Temu has started onboarding U.S. and European brands to its marketplace. Its challenge is that most brands don’t want to be in the same shopping cart with Temu.
Temu is a marketplace of over 300,000 sellers that aims to sell $60 billion worth of goods globally and $20-$25 billion in the U.S. in 2024. According to Marketplace Pulse data, all Temu sellers are based in China. However, while most of its sellers are more akin to suppliers, since March, it started onboarding Chinese sellers with warehouses in the U.S. The shift to sellers with local warehouses has reduced its reliance on the de minimus loophole, improved shipping speed, and allowed it to sell more sizes and weights of products.
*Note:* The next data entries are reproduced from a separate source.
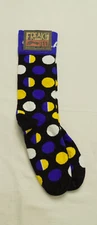 Freaker Feet Unisex Polka Dot Breathable Stylish Crew Socks BL8 Black Size: 4-13
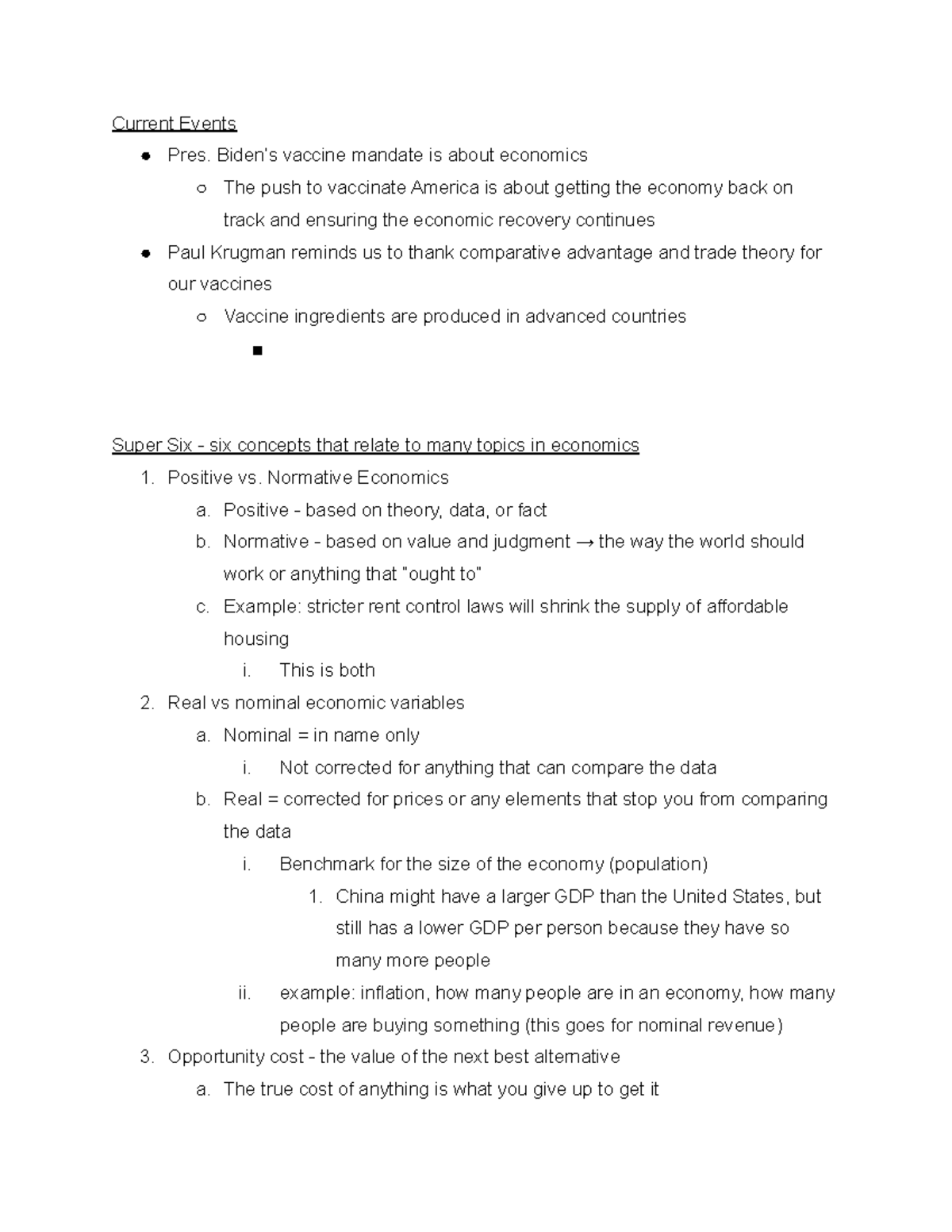 Econ 101 Chapter 2 and 3 Lecture Notes - Current Events Pres. Biden’s ...
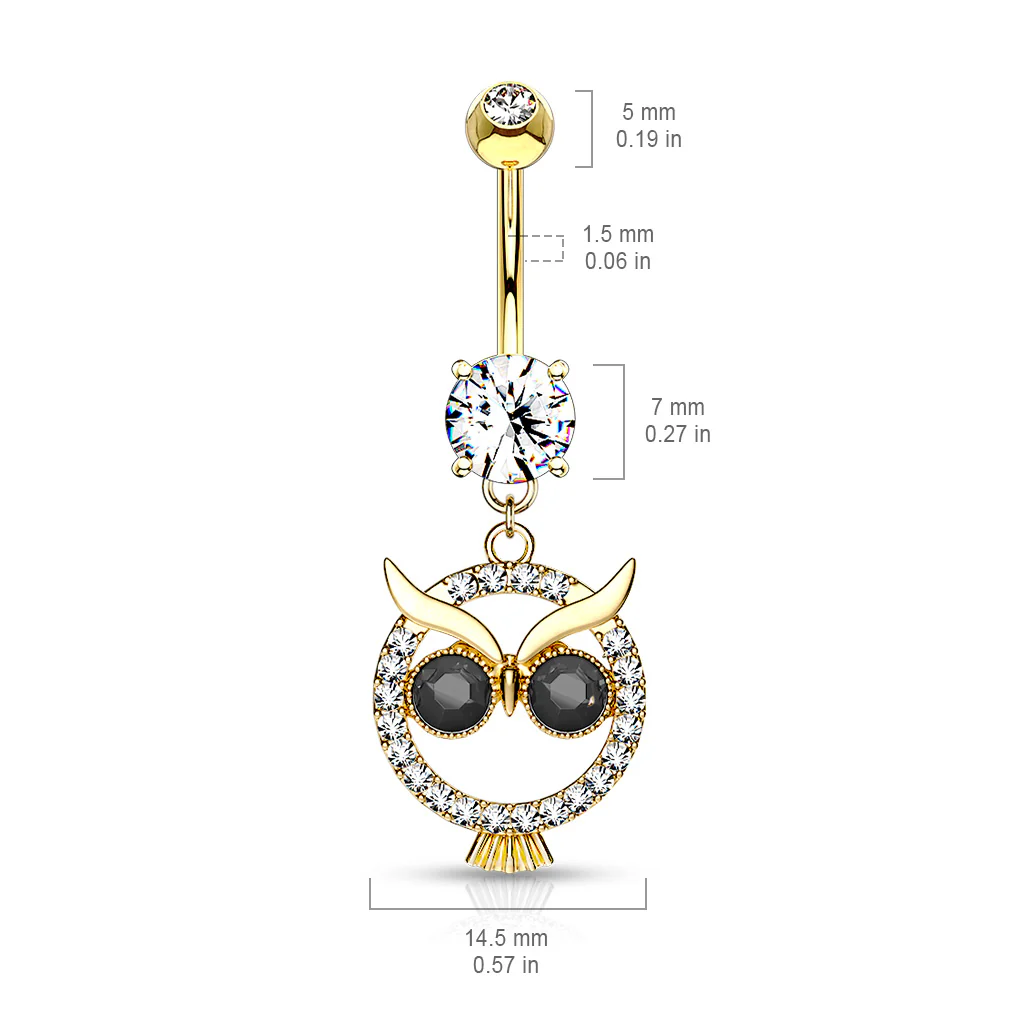 Paved Owl CZ With Black CZ Eye Dangle Navel Belly Button Ring - Image 5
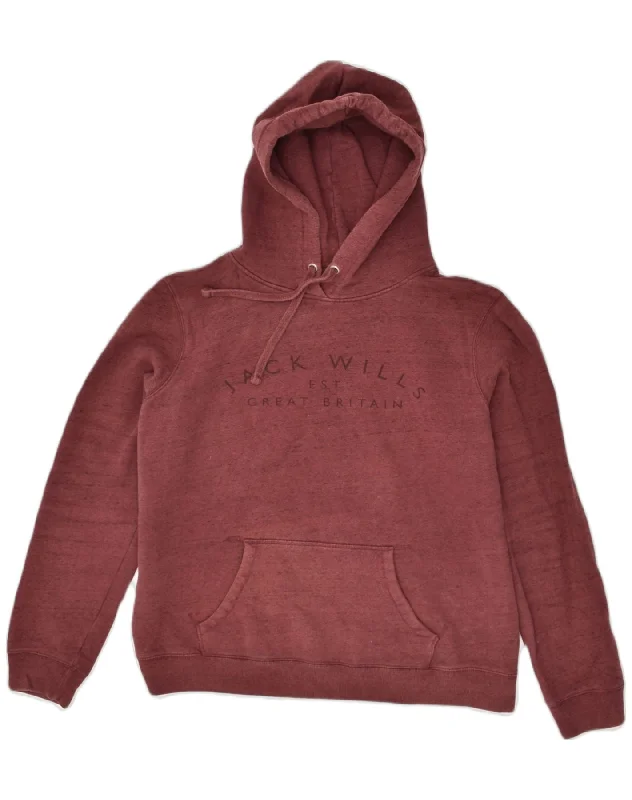 JACK WILLS Womens Oversized Graphic Hoodie Jumper UK 16 Large Burgundy Hoodie with Monochrome Minimalist Simple JACK WILLS Womens Oversized Graphic Hoodie Jumper UK 16 Large Burgundy Hoodie with Monochrome Minimalist Simple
Now, nearly two years since Temu’s launch, it wants domestic sellers. It recently hired U.S. and European staff to contact local sellers to join the marketplace (for now, it is invite-only). The pitch is similar to that of AliExpress, Wish, and Shein that came before it — the marketplace has smaller fees than Amazon, few other domestic sellers, massive GMV growth, and Temu is promising to drive sales by “prioritizing onsite placement and traffic-driving features specifically designed to boost sales for new sellers.”
Marketplace Pulse data shows that the first U.S. sellers have already joined Temu.
Shein has been recruiting U.S. sellers for over a year and removed the requirement to operate a warehouse in China in May. But, according to Marketplace Pulse research, it has barely cracked one thousand sellers. When Wish pitched brands more than five years ago, it made little progress, too. Every channel that promises sales volume and diversification is a golden ticket on paper. In reality, even Amazon spent decades trying to convince brands to join.
Temu is not going to add Nike or Samsung, nor DTC darlings like Casper, Glossier, and Warby Parker. Its market positioning and focus are incompatible with theirs. The only caveat is that Temu could act as an effective outlet store for those brands (if not for potential reputation risks). Most of its sellers will instead come from the pool that sells on Amazon. The marketplace expansion is less about selling iPhones and more about carrying Amazon’s best-selling garlic press.
Amazon sells most of what Temy carries, but Temu has little of Amazon’s supply. Temu wants domestic brands to expand beyond an app for cheap goods from China — that has worked so far but has a ceiling Temu will soon hit. But as it grows and pivots in the eyes of shoppers, the journey to align with brands is even longer. Yet, it is not impossible, as TikTok, which faces a potential ban or divestiture and thus has seemingly more reputational risk attached, has become a keystone for every brand’s marketing.